Work task
Copy every record exactly.

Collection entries
◇ ◇ ◇ ◇ ◇ ◇ ◇
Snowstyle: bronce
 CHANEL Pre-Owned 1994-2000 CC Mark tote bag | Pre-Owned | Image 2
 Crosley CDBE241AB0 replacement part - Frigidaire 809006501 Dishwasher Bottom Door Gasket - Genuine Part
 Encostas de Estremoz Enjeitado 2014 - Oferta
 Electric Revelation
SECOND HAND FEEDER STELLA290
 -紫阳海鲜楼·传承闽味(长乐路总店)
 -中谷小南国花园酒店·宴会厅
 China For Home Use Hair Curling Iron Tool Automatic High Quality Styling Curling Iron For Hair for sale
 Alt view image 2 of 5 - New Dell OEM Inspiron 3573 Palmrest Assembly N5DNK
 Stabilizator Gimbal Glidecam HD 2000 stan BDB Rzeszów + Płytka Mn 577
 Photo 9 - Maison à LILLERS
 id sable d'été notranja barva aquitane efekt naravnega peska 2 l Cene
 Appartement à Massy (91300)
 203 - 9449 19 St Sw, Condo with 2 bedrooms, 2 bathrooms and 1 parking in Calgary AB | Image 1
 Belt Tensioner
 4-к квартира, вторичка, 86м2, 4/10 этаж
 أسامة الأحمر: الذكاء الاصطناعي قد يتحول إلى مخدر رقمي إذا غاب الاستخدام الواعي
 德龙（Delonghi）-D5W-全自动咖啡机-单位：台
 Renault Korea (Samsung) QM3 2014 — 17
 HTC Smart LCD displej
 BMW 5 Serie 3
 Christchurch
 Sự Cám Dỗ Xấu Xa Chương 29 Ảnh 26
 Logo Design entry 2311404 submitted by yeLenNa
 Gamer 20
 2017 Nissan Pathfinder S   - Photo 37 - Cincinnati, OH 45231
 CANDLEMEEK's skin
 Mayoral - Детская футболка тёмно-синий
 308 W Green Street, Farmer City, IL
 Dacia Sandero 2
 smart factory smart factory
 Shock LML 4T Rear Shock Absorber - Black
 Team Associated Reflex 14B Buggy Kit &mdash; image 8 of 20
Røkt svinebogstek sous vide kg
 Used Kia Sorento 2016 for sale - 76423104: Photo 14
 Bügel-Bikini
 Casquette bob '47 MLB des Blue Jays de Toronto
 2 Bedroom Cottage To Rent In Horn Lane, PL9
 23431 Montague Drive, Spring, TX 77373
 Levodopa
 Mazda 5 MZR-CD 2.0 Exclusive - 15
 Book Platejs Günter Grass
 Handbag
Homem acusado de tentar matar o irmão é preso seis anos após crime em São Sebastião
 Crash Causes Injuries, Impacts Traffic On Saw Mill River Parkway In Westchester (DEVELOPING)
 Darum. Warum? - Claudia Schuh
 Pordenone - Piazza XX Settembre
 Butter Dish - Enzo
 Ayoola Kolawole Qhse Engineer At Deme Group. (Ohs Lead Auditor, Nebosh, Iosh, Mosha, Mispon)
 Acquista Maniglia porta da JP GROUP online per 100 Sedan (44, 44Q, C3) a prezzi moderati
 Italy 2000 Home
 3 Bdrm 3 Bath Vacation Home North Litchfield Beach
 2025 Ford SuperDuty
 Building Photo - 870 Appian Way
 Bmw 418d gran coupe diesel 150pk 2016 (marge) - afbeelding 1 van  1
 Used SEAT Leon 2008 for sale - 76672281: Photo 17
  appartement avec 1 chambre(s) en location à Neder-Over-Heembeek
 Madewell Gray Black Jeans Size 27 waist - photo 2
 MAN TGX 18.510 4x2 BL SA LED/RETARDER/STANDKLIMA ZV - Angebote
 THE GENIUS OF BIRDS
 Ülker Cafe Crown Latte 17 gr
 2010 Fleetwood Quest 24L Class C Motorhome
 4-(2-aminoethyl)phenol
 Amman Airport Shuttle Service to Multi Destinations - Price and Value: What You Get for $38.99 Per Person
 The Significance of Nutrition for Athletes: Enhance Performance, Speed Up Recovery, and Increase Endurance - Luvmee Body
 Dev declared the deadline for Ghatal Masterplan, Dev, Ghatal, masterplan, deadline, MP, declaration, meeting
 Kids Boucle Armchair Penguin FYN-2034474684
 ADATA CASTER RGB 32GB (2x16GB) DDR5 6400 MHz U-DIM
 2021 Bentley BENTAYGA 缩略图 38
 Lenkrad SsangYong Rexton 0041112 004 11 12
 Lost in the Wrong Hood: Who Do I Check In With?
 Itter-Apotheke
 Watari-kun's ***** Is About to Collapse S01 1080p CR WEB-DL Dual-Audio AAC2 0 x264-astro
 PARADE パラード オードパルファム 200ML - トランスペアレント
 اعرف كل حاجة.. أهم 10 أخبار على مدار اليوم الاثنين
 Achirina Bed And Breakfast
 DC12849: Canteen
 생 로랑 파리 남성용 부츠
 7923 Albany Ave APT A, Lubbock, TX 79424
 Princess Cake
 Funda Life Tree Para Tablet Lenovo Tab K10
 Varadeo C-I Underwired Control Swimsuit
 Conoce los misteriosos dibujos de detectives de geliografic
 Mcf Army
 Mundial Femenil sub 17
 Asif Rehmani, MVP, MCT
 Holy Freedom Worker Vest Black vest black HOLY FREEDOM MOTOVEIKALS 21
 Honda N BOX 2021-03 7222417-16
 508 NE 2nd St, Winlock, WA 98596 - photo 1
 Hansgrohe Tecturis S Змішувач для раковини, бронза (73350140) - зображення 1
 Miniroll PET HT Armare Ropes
◇ ◇ ◇ ◇ ◇ ◇ ◇
Output
Snowstyle: bronce
 CHANEL Pre-Owned 1994-2000 CC Mark tote bag | Pre-Owned | Image 2
 Crosley CDBE241AB0 replacement part - Frigidaire 809006501 Dishwasher Bottom Door Gasket - Genuine Part
 Encostas de Estremoz Enjeitado 2014 - Oferta
 Electric Revelation
SECOND HAND FEEDER STELLA290
 -紫阳海鲜楼·传承闽味(长乐路总店)
 -中谷小南国花园酒店·宴会厅
 China For Home Use Hair Curling Iron Tool Automatic High Quality Styling Curling Iron For Hair for sale
 Alt view image 2 of 5 - New Dell OEM Inspiron 3573 Palmrest Assembly N5DNK
 Stabilizator Gimbal Glidecam HD 2000 stan BDB Rzeszów + Płytka Mn 577
 Photo 9 - Maison à LILLERS
 id sable d'été notranja barva aquitane efekt naravnega peska 2 l Cene
 Appartement à Massy (91300)
 203 - 9449 19 St Sw, Condo with 2 bedrooms, 2 bathrooms and 1 parking in Calgary AB | Image 1
 Belt Tensioner
 4-к квартира, вторичка, 86м2, 4/10 этаж
 أسامة الأحمر: الذكاء الاصطناعي قد يتحول إلى مخدر رقمي إذا غاب الاستخدام الواعي
 德龙（Delonghi）-D5W-全自动咖啡机-单位：台
 Renault Korea (Samsung) QM3 2014 — 17
 HTC Smart LCD displej
 BMW 5 Serie 3
 Christchurch
 Sự Cám Dỗ Xấu Xa Chương 29 Ảnh 26
 Logo Design entry 2311404 submitted by yeLenNa
 Gamer 20
 2017 Nissan Pathfinder S   - Photo 37 - Cincinnati, OH 45231
 CANDLEMEEK's skin
 Mayoral - Детская футболка тёмно-синий
 308 W Green Street, Farmer City, IL
 Dacia Sandero 2
 smart factory smart factory
 Shock LML 4T Rear Shock Absorber - Black
 Team Associated Reflex 14B Buggy Kit &mdash; image 8 of 20
Røkt svinebogstek sous vide kg
 Used Kia Sorento 2016 for sale - 76423104: Photo 14
 Bügel-Bikini
 Casquette bob '47 MLB des Blue Jays de Toronto
 2 Bedroom Cottage To Rent In Horn Lane, PL9
 23431 Montague Drive, Spring, TX 77373
 Levodopa
 Mazda 5 MZR-CD 2.0 Exclusive - 15
 Book Platejs Günter Grass
 Handbag
Homem acusado de tentar matar o irmão é preso seis anos após crime em São Sebastião
 Crash Causes Injuries, Impacts Traffic On Saw Mill River Parkway In Westchester (DEVELOPING)
 Darum. Warum? - Claudia Schuh
 Pordenone - Piazza XX Settembre
 Butter Dish - Enzo
 Ayoola Kolawole Qhse Engineer At Deme Group. (Ohs Lead Auditor, Nebosh, Iosh, Mosha, Mispon)
 Acquista Maniglia porta da JP GROUP online per 100 Sedan (44, 44Q, C3) a prezzi moderati
 Italy 2000 Home
 3 Bdrm 3 Bath Vacation Home North Litchfield Beach
 2025 Ford SuperDuty
 Building Photo - 870 Appian Way
 Bmw 418d gran coupe diesel 150pk 2016 (marge) - afbeelding 1 van  1
 Used SEAT Leon 2008 for sale - 76672281: Photo 17
  appartement avec 1 chambre(s) en location à Neder-Over-Heembeek
 Madewell Gray Black Jeans Size 27 waist - photo 2
 MAN TGX 18.510 4x2 BL SA LED/RETARDER/STANDKLIMA ZV - Angebote
 THE GENIUS OF BIRDS
 Ülker Cafe Crown Latte 17 gr
 2010 Fleetwood Quest 24L Class C Motorhome
 4-(2-aminoethyl)phenol
 Amman Airport Shuttle Service to Multi Destinations - Price and Value: What You Get for $38.99 Per Person
 The Significance of Nutrition for Athletes: Enhance Performance, Speed Up Recovery, and Increase Endurance - Luvmee Body
 Dev declared the deadline for Ghatal Masterplan, Dev, Ghatal, masterplan, deadline, MP, declaration, meeting
 Kids Boucle Armchair Penguin FYN-2034474684
 ADATA CASTER RGB 32GB (2x16GB) DDR5 6400 MHz U-DIM
 2021 Bentley BENTAYGA 缩略图 38
 Lenkrad SsangYong Rexton 0041112 004 11 12
 Lost in the Wrong Hood: Who Do I Check In With?
 Itter-Apotheke
 Watari-kun's ***** Is About to Collapse S01 1080p CR WEB-DL Dual-Audio AAC2 0 x264-astro
 PARADE パラード オードパルファム 200ML - トランスペアレント
 اعرف كل حاجة.. أهم 10 أخبار على مدار اليوم الاثنين
 Achirina Bed And Breakfast
 DC12849: Canteen
 생 로랑 파리 남성용 부츠
 7923 Albany Ave APT A, Lubbock, TX 79424
 Princess Cake
 Funda Life Tree Para Tablet Lenovo Tab K10
 Varadeo C-I Underwired Control Swimsuit
 Conoce los misteriosos dibujos de detectives de geliografic
 Mcf Army
 Mundial Femenil sub 17
 Asif Rehmani, MVP, MCT
 Holy Freedom Worker Vest Black vest black HOLY FREEDOM MOTOVEIKALS 21
 Honda N BOX 2021-03 7222417-16
 508 NE 2nd St, Winlock, WA 98596 - photo 1
 Hansgrohe Tecturis S Змішувач для раковини, бронза (73350140) - зображення 1
 Miniroll PET HT Armare Ropes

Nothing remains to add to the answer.